In living systems however, we see the universal occurrence of inverse causality. That is, an event A is the cause of event B, but A exists or occurs after B. It is easier to understand the biological situation if we refer to examples from human affairs. In economics, for example, it occurs when behaviour now, such as an investment decision, is influenced by some future event, such as an anticipated profit or loss. In psychology, a condition that exists now, such as anxiety or paranoia, may be caused by some anticipated future event, such as harm to one’s person. In the field of occupational health and safety, workplace and environmental hazards can exert direct toxic effects upon workers (normal causality), but the anticipation or fear of potential future harm can also have an independently toxic effect (inverse causality).

Darwinian philosopher of science Michael Ruse recently noted that inverse causality is a universal feature of life,28 and his example was that stegosaur plates begin forming in the embryo but only have a function in the adult—supposedly for temperature control. However most biologists avoid admitting such things because it suggests that life might have purpose (a future goal), and this is strictly forbidden to materialists.

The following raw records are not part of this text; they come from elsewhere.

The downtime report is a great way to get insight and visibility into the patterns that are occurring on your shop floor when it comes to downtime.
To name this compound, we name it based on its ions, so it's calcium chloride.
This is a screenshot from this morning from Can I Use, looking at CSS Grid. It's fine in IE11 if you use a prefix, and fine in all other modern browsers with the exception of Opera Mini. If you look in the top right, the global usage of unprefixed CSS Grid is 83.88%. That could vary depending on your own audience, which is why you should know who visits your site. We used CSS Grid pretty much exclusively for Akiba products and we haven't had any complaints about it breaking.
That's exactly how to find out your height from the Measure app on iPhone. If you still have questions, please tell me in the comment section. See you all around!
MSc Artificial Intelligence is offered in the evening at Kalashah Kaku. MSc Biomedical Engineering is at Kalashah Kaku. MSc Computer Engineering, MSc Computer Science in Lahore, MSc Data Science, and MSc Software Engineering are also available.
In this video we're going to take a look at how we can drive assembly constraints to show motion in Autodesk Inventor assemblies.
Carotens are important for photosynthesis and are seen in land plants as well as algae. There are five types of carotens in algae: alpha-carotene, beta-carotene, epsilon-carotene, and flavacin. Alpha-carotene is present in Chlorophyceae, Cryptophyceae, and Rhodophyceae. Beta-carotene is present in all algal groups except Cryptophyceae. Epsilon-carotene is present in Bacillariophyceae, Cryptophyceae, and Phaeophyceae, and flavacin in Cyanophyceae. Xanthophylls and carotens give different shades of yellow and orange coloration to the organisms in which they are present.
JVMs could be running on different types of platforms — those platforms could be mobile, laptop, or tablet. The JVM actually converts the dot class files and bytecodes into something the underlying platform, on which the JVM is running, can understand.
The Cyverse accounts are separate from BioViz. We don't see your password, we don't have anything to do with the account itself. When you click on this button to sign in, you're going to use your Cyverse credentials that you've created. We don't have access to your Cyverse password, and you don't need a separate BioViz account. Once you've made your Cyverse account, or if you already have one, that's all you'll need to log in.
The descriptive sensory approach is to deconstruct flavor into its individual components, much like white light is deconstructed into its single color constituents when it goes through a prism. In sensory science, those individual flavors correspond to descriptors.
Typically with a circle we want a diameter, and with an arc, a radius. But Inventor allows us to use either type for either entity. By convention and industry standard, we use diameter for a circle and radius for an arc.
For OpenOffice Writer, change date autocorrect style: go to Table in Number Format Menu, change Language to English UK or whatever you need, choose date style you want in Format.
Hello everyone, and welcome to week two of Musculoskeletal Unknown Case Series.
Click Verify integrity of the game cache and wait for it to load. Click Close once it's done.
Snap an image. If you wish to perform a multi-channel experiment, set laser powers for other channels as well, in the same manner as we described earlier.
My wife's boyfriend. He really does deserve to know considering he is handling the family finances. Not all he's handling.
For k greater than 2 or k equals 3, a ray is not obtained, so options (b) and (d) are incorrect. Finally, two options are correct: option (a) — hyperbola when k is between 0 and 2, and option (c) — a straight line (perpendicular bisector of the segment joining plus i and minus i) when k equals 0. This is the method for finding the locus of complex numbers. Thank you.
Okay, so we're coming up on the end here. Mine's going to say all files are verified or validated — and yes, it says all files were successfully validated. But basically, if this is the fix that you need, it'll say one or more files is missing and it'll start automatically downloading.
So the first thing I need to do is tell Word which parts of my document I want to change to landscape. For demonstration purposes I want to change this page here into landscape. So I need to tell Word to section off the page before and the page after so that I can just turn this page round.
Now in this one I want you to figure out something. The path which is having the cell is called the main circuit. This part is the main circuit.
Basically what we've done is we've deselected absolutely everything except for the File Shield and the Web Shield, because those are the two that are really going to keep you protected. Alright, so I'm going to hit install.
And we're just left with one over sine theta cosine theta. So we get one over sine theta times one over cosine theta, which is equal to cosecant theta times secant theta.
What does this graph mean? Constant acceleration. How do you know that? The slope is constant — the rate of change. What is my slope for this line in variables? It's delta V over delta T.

The most important example of inverse causality in living organisms is, of course, autopoiesis. We still do not fully understand it, but we do understand the most important aspects. Fundamentally, it is meta-information—it is information about information. It is the information that you need to have in order to keep the information you want to have to stay alive, and to ensure the survival of your descendants and the perpetuation of your species.

This last statement is the crux of this whole paper, so to illustrate its validity lets go back to the vacuum cleaner analogy. Let’s imagine that one lineage of vacuum cleaners managed to reach the robotic, energy-independent stage, but lacked autopoiesis, while a second makes it all the way to autopoiesis. What is the difference between these vacuum cleaners? Both will function very well for a time. But as the Second Law of Thermodynamics begins to take its toll, components will begin to wear out, vibrations will loosen connections, dust will gather and short circuit the electronics, blockages in the suction passage will reduce cleaning efficiency, wheel axles will go rusty and make movement difficult, and so on. The former will eventually die and leave no descendants. The latter will repair itself, keep its components running smoothly and reproduce itself to ensure the perpetuation of its species.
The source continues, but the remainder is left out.